* [Exercise directions]: Look for the word "Adirondack" in the material below, then report each line where it occurs.

* [Excerpted data]:
—————
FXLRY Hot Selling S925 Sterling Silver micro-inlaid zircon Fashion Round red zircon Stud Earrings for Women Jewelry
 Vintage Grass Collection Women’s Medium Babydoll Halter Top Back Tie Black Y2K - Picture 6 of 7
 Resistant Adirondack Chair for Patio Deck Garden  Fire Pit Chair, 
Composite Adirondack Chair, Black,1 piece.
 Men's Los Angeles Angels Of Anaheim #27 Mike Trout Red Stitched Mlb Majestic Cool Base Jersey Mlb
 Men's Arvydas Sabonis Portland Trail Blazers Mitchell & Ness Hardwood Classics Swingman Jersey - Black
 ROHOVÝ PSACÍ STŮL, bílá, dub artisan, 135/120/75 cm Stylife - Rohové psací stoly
—————
* [Answer space]:
 Resistant Adirondack Chair for Patio Deck Garden  Fire Pit Chair, 
Composite Adirondack Chair, Black,1 piece.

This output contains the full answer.